Roni justru heran perusahaan tambang itu masih beraktivitas normal, bahkan sampai melakukan pengiriman ore nikel dan penggusuran. Seharusnya polisi menghentikan dan menyita ore maupun alat produksi karena aktivitas itu ilegal.
“Siapa yang melakukan penindakan, sesuai UU wilayah pesisir itu berada di bawah kewenangan kepolisian. Harusnya penegak hukum tidak perlu menunggu laporan dari siapapun,” kata dia.
Lokasi tambang PT GKP di Pulau wawonii. Sumber: Jalan Kotor Kendaraan Listrik - Jejak Kejahatan Ling
Kepentingan korporasi kalah maka hukum bertindak lambat
Pengkampanye Energi Trend Asia, Arko Tarigan, menyebutkan putusan MA mencabut IPPKH PT GKP di Pulau Wawonii seharusnya segera dilaksanakan oleh pemerintah, yakni Kementerian Lingkungan Hidup dan Kehutanan (sekarang Kementerian Kehutanan), selaku institusi yang mengeluarkan izin, sementara perusahaan sendiri harus menghentikan aktivitas.
Arko, yang juga duduk menjadi Tim Advokasi Penyelamatan Pulau-pulau Kecil (TAPaK) dan mendampingi proses gugatan IPPKH itu, berpendapat seharusnya pemerintah dan lembaga yudikatif, MA, bergerak cepat agar putusan ini tidak mendapat hambatan birokrasi untuk dilaksanakan. Menurutnya isi putusan itu belum ditindaklanjuti oleh perusahaan.
“Apa yang terjadi di Wawonii menunjukkan pemerintah seperti tak acuh,” ucapnya.
Padahal aktivitas tambang memiliki dampak kerusakan lingkungan signifikan terhadap pulau kecil seperti Wawonii. Belum lagi dampak yang harus ditanggung masyarakat.
“Mereka kebunnya diterobos sehingga tanaman cengkeh berusia 20 tahun habis, sumber air rusak hingga mereka harus membeli air untuk dikonsumsi, lalu kerusakan perairan terjadi sehingga masyarakat tidak bisa cari ikan,” kata dia.

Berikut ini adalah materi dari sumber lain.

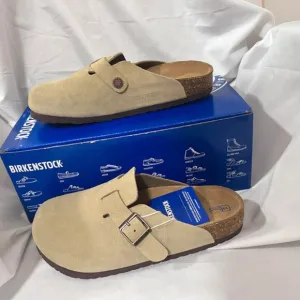 ✅Women's Birkenstock sandals Suede taupe soft-soled 🍁Platform slippers 🔥(wide)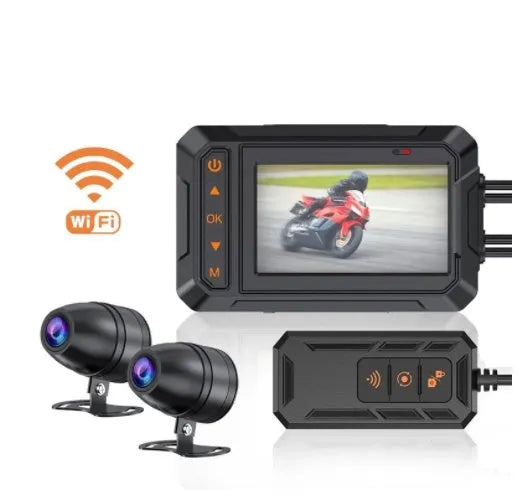 MT65 motorcycle dash cam with 3-inch screen and remote monitoring capabilities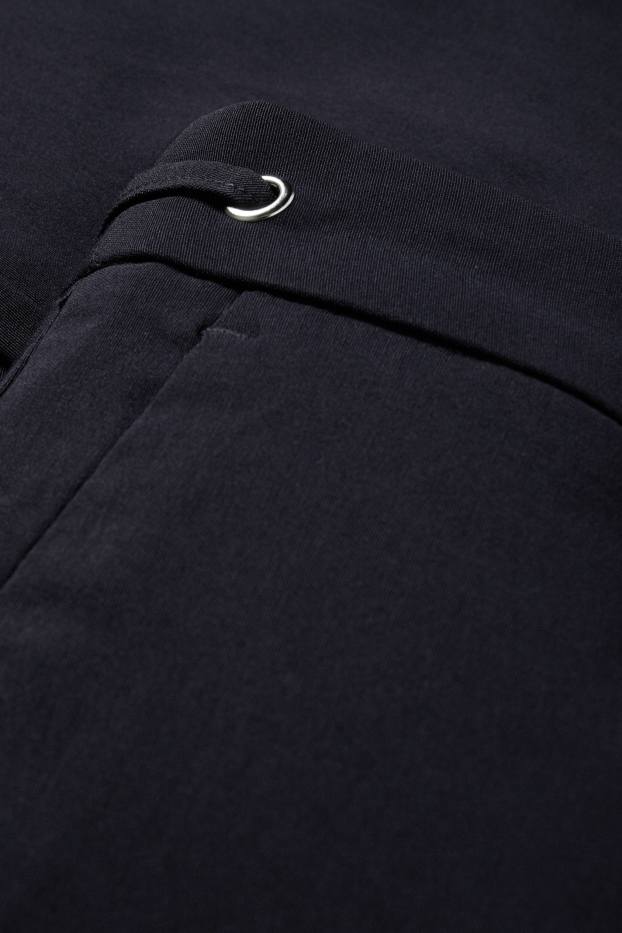 Dámské - Plátěné kalhoty - mid waist - tapered fit - tmavomodrá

Putusan ini juga semestinya membuat pemerintah menyegerakan dampak kerugian negara akibat aktivitas tambang PT GKP tersebut.
Putusan hukum terkait pertambangan di Wawonii sendiri berlapis. Selain pencabutan IPPKH PT GKP oleh MA dan putusan MK soal larangan tambang di pulau kecil, Peraturan Daerah Kabupaten Konawe Kepulauan No 2 Tahun 2021 Tentang Rencana Tata Ruang Wilayah (RTRW) Pertambangan Pulau Wawonii yang memberikan ruang pada pertambangan dinyatakan tidak berlaku.
Roni menyatakan putusan itu juga mengacu pada UU No 1 Tahun 2014 Tentang PWP3K. Artinya pulau kecil lain seharusnya juga tidak boleh ditambang. Di Sulawesi Tenggara sendiri terdapat satu pulau kecil lainnya, Pulau Kabaena, yang dibebani oleh 15 izin pertambangan. Sekitar 73 persen, yaitu 650 km² dari 891 km² total luas Kabaena, telah diserahkan kepada perusahaan tambang.
“Seharusnya apa yang terjadi di Wawonii dan Kabaena ini sudah tidak boleh terjadi karena merupakan pembangkangan terhadap konstitusi," kata dia.
Tampak dari ketinggian kondisi salah satu sudut Pulau kabaena yang rusak akibat eksploitasi tambang
TAPak sendiri kini mencatat ada 218 izin usaha pertambangan dengan luas konsesi yang mencapai lebih dari 274.00 hektare di 34 pulau-pulau kecil di Indonesia. Semuanya dibiarkan saja.
Terpisah, PT GKP mengeluarkan pernyataan resmi bahwa aktivitas perusahaannya terus berjalan karena masih menunggu salinan putusan MA tersebut.
“Sambil menunggu salinan resmi tersebut, kegiatan operasional PT GKP tetap berjalan normal sesuai dengan standar dan kaidah good mining practice yang berlaku, sebagai bentuk tanggung jawab kami dalam menjaga kepercayaan para pemangku kepentingan,” tulis surat yang ditandatangani oleh GMN External Relations PT GKP, Bambang Murtiyoso, tersebut.